O kadar ki, devlet adamları bile töreler ve sonuçlarını, kültürümüzün doğal bir sonucu olarak karşılamışlar tarihimiz boyunca. Diyarbakır Baro Başkanı’nın, Yavuz Donat’a yaptığı, Berdel töresini “normal” sayan açıklamalarının üzerinden çok geçmedi daha.
Bu araştırma ve onun sonuçlarıyla ilgili yaptığım bu söyleşiden sonra iyice farkettim ki; kabullendikçe kanıksamış, kanıksadıkça “doğal” saymışız! Sanki sıcak memleketlerde yaşayanların derileri güneşten yanmaz diye düşünür gibi, “Benim kadar canı yanmaz, alışıktır“ saymışız , töre mağdurlarını. Gürbüz Akhan Bolat’ın, uzun yıllara dayanan gözlem ve akademik bir araştırmanın sonucu olarak ortaya koyup, titiz bir çalışmayla ispatladığı, berdel töresinin, insan ticareti olduğuna dair bu doktora tezine, iknâ olup olmamak size kalmış ama anlatılanların gerçekliğine tüm kalbinizle inanmalısınız.
İbn-i Haldun’un 600 yıl önce söylediği söz, artık çığlık çığlığa yankılanıyor topraklarda: Coğrafya kaderdir! Maraşlı olan Gürbüz Akhan Bolat, Gaziantep Emniyet Müdürlüğü’nden emekli, yıllarca Güneydoğu’da hizmet vermiş ve araştırmalar yapmış, evli ve iki erkek çocuğu babası bir araştırmacı.
“İnsan ticareti kabul ediliyor”
Doktora tezinizde, “Berdel töresi, insan ticaretidir” diyerek, iddialı bir önerme ortaya atmış ve sonra bunu bilimsel olarak ispatlamışsınız. Epey yadırgatıcı bir iddia?
İtalya’da 2005 yılında yapılmış bir Birleşmiş Milletler Protokolü var. Ben, 2005 yılından beri “insan ticareti” üzerine araştırma yapıyorum. Bu konuda da bir tezim var. Palerma Protokolü’ne göre, insan ticareti üç ayak üzerinde duruyor; birilerinin vücutlarının ürettiklerinin ve hizmetlerinin, suistimali, bundan menfaat elde edilmesi ve insan hakları ihlali. Berdel töresine baktığınızda, bu üçü de var. İnsanlar kanıksadıkları için, “E canım ne var bunda, töre bu” diyor ama aslında ortada bir ticaret var ve bu uğurda insanlar, en çok da kadınlar yaşamlarıyla bedel ödüyorlar. Bu arada, insan ticareti, insan kaçakçılığı değildir. Nelere insan ticareti denir?

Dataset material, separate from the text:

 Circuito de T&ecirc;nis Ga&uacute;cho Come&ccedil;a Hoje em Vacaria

Türkiye’de ilk akla gelen fuhuş maksadıyla insan ticaretidir. Kölelelik ve kölelik maksadıyla yapılan insan ticareti de ülkemizde mevcut. Mesela dilendirmek maksadıyla, Diyarbakır’dan çetelere kiralanan çocuklar var. Organ ticareti. Ve zorla evlendirme.
Zorla evlendirme de kapsam mı?
Kesinlikle öyle. Çin’den örnek vereyim; Herkes, erkek çocuk istiyor ve hamilelik sürecinde, kız bebeklere kürtaj uygulanıyor.

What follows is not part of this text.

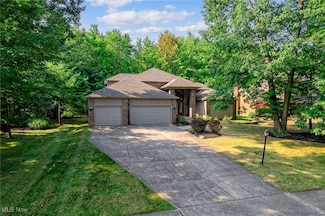 1080 Firwood Rd, Broadview Heights, OH 44147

Ne diyorsunuz, korkunç bir şey bu!
Ne yazık ki öyle ve bunun sonucunda, erkek nüfus fazlalaşmış oluyor. Vietnam ve Tayvan gibi komşu ülkelerden, kadın satın alınarak, Çin’de gelin olarak satılıyor. Bu da insan ticareti kapsamında bulunuyor. Berdel töresinde de aynı suistimal var ve bu yüzden insan ticareti.
“Cana, canla ödeme yapıyorlar”
Berdel ve ticaret kavramını nasıl bir formülle birleştirdiniz?
İlkel toplumlarda, ticaret nasıl yapılırmış: “Sen bana buğday ver, ben sana pirinç vereyim” şeklinde! Berdel töresinde de kızlarını takas ediyorlar.
Bir de “kan berdeli” var ve bunun kan davalarının önüne geçmek için yapıldığını ve çok faydalı olduğunu savunanlar var.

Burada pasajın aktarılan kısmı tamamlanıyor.